The first and far more distinctive piece, "13 I 73 5:35-6:14:03 PM NYC," features a stripped-down version of the Theatre of Eternal Music ensemble, in this case just future avant-garde luminaries Jon Hassell and Garrett List.  The general idea is quite simple, as it is basically just a drone piece built from Young’s sine waves, Zazeela’s voice, and the ensemble’s sustained brass tones.  Over that, however, are Young’s otherworldly, nasal, ritualistic, and chant-like vocals.  On one level, Pandit Pran Nath’s influence is abundantly clear, but there is a buzzing, quasi-insectoid quality to Young's voice as well.  As such, the piece still sounds quite alien today, so I cannot begin to imagine what unsuspecting American listeners in the early ‘70s made of such a bizarre, time-stretched blending of Indian classical music and the hum of high voltage power lines.  Nor can I imagine what listeners would have made of the hyper-minimal second piece, "Drift Study 14 VII 73 9:27:27-10:06:41 PM NYC," a gently oscillating 39-minute sine-wave solo.  Neither piece offers anything in the way of conspicuous evolution or strong melody, as the emphasis is quite squarely on the hypnotic properties of endless repetition and on small-scale shifts in harmony and oscillation.  Dream House was far more than an unusual synthesis of Eastern music, minimalism, and the more experimental strains of jazz and classical music–it was a radical experiment in transforming how we hear and experience music.

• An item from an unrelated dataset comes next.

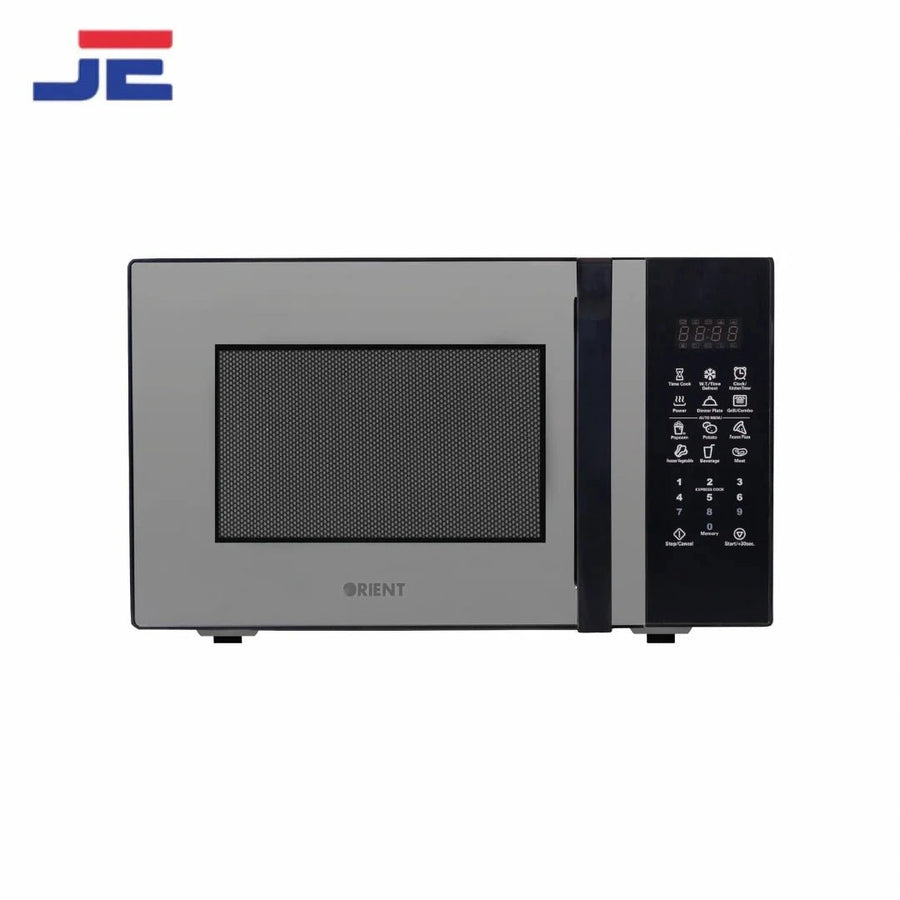 Orient Microwave Oven Muffin 30D Grill Black - Japan Electronics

There is no question at all that Dream House is a radical and significant work by a woefully underdocumented and hugely influential figure.  However, the inevitable downside to being a groundbreaking visionary is that when one of your seminal masterpieces is finally reissued 40 years after it was recorded, the rest of the experimental music world has already long caught and surpassed it.  Granted, the first half of the album still sounds quite unusual by 2016 standards, but its capacity to blow anyone's mind has long expired.  In the case of most composers, there would be some sadness to that, but La Monte Young’s career almost seemed completely independent of his albums.  Dream House is merely a snapshot of an ephemeral instant in an endless evolution, as any clips that I have heard from Dream House installations are considerably more immersive and harmonically complex than what is documented here.  Also, "13 I 73 5:35-6:14:03 PM NYC" is allegedly just a mere section of a larger piece called "Map Of 49's Dream The Two Systems Of Eleven Sets Of Galactic Intervals Ornamental Lightyears Tracery."  And, of course, that piece is itself allegedly just a section of Young’s even larger and never-ending opus "The Tortoise, His Dreams And Journeys."  Odds are quite high that most of Young’s greatest work probably existed only live or in concept alone, so we are probably lucky to get to hear any of it at all.  There is not much available, so every single bit is cause for excitement.  I am absolutely thrilled that this has finally been reissued.